爸爸说到这里一停,立刻和谢潭解释:“当然,你是非常好的,爱丽丝要是交的都是你这样的朋友,我和她妈妈也不用操心啦!”
“谢谢。”谢潭看向没有打开的房间,“我能去她的房间等她吗?”
“没问题,请进。”爸爸起身,亲自为他开门,常明爱用钥匙都没打开的那扇门。
爸爸显然不想就这么离开,还想跟进房间,但他的房间里突然响起震耳的电话铃声。
爸爸僵住,在门口踌躇,但电话声一直不停,自动挂断后,无缝衔接再打过来,锲而不舍,一声比一声高。
只是听铃声,谢潭就听出来电人的急躁。
“我的朋友可能有急事,失陪,你先自己玩会,想玩什么玩什么,书、玩具、娃娃都有,还有游戏机。”
爸爸恋恋不舍地走进自己的卧室,关上门,反锁了。
口袋里的常明爱又翻了个白眼,有她搭档在,冒牌货演都不演了,那不是她的卧室吗!
谢潭同样关上这间卧室的门,锁上了,也没有用其他东西抵着,开门关门的权利其实还是在怪物手里,不必多此一举。

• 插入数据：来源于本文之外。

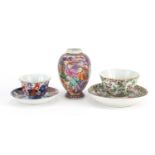 Chinese porcelain including a Cantonese tea bowl with saucer and a mandarin palette vase, the
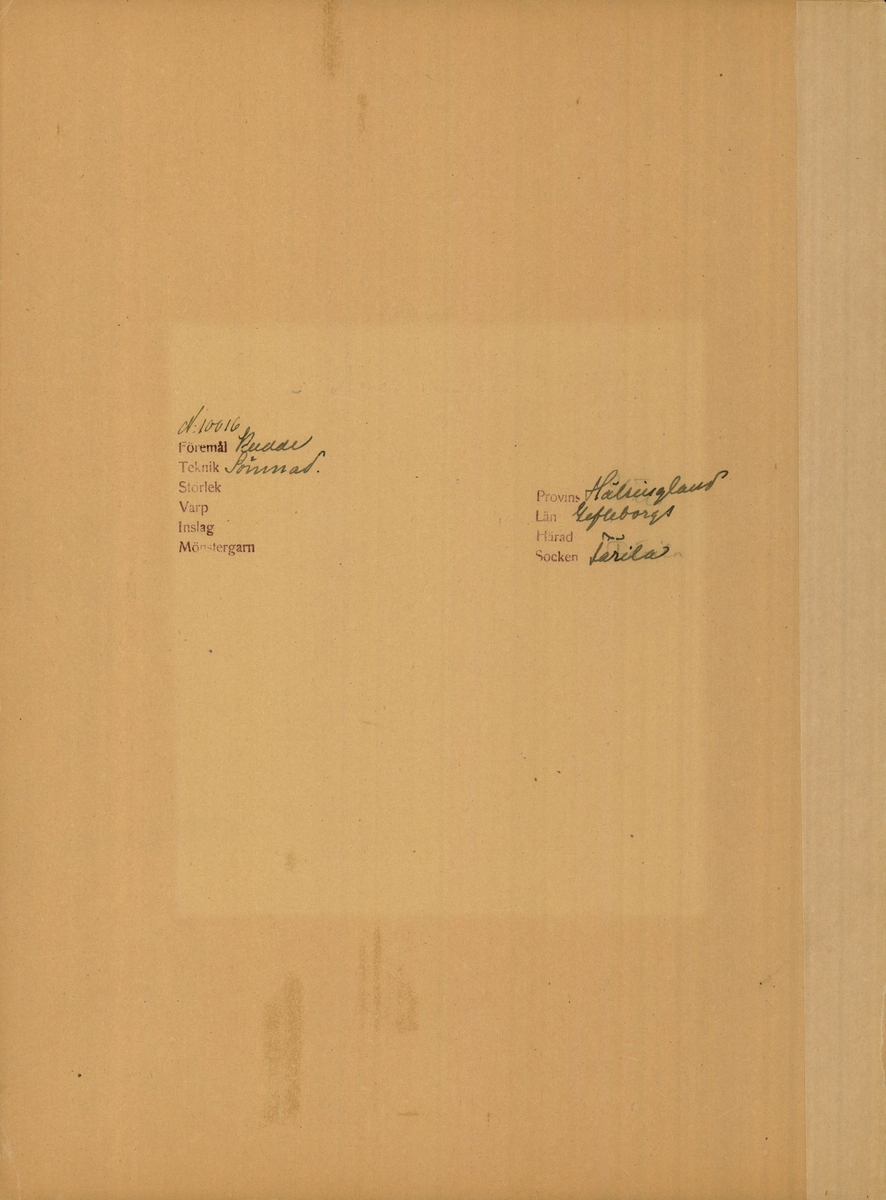 Kudde i fritt broderi.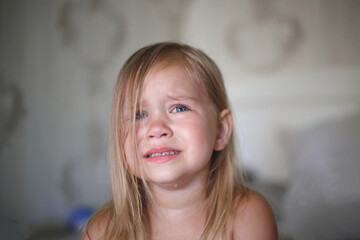 portrait of a beautiful little crying girl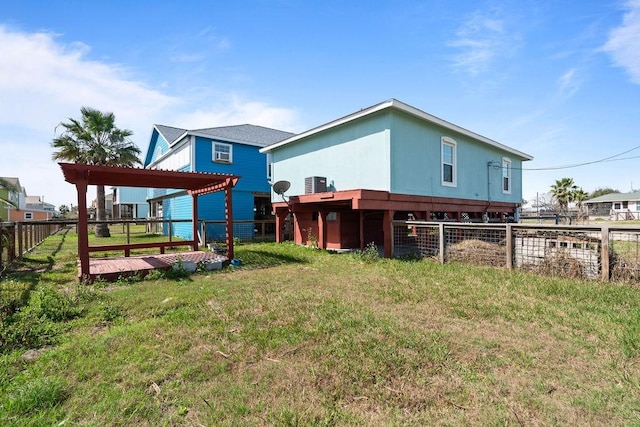 rear view of property with central AC unit, a lawn, and fence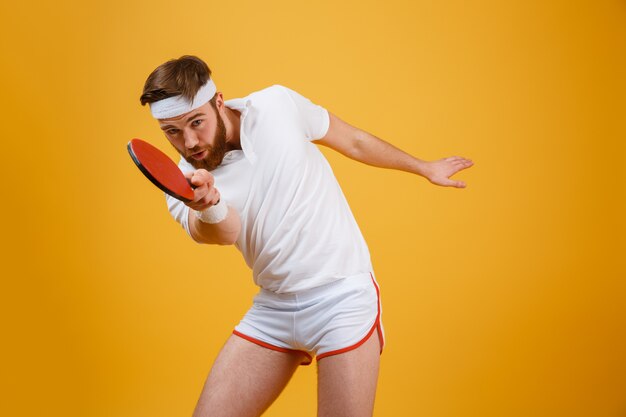 Handsome young sportsmand holding racket for table tennis.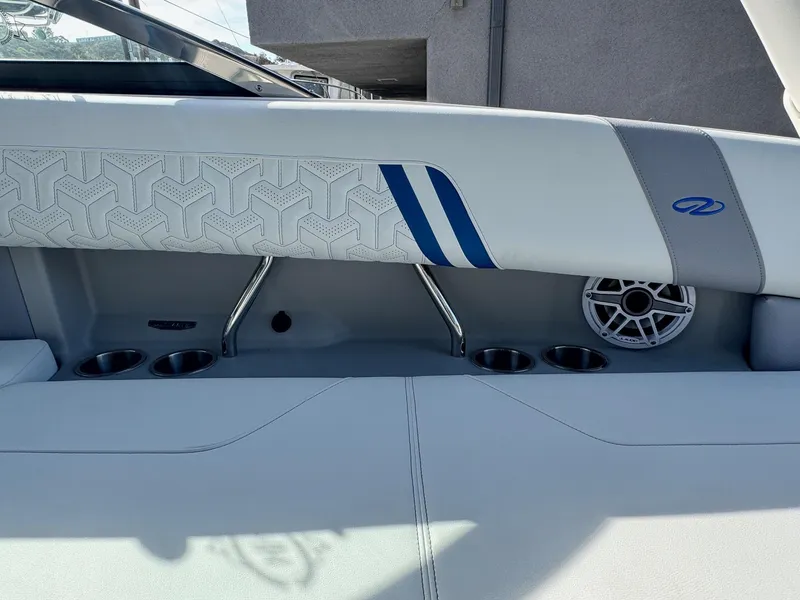 Slide: The Image of 2025 Regal LS9 Surf boat interior with cup holders and speaker. - 62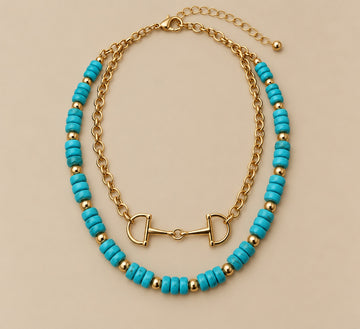 Gold Horse Spit with Turquoise Stone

他用手拿着常明爱不方便,也不知道这个房间里有没有怪物,屋里的那些桌布明显是为了隐藏神出鬼没的妈妈。
所以他先将她放在地上洗干净的玻璃牛奶瓶里。
常明爱第一件事就是警戒四周,没看到家具背面再出现头发和人脸,暂时松了口气。
谢潭根据她的动作,也判断出这一点,就拿起牛奶瓶放在桌上,他坐在桌前。
常明爱躲在摞起的书右边,这样开门的人不会看到她。
这间屋子的确和她的卧室一样,只是桌上多了一个小碟子,有两块带齿的圆形饼干。
“变大饼干?”她眼睛一亮,但谢潭的手指挡了一下饼干,她就冷静了。
现在不是变大的时机,有谢潭在,她变小更容易被带出去,逃出这里。
她先简洁地说了自己的遭遇还有发现,问谢潭有什么想法。
谢潭:“电梯说没到时间。”
这显然是一句关键提示,就像游戏卡关,npc会说的话。
有人上下,电梯才会开。常明爱努力回想可能固定开启的时间:“隔壁家的小孩经常点外卖,五六点钟?骑手坐电梯上来。”
谢潭不看好这个:“那些门不行。”都是摆设,像架个纸壳。
常明爱又想到:“这几天好像楼上漏水,物业找不到源头,每天晚上六点左右,都会上楼看看,因为我家也被波及了,所以我记得比较清楚,大概都是六点零几分,可我刚才看才五点,我们要拖一个小时?”
时钟未必会到六点。
客厅的那块表,虽然在正常走,但指针和表盘可不太配套。
那是艺术馆消失的表针。
如果六点电梯会开,表针大概会卡在五点五十九。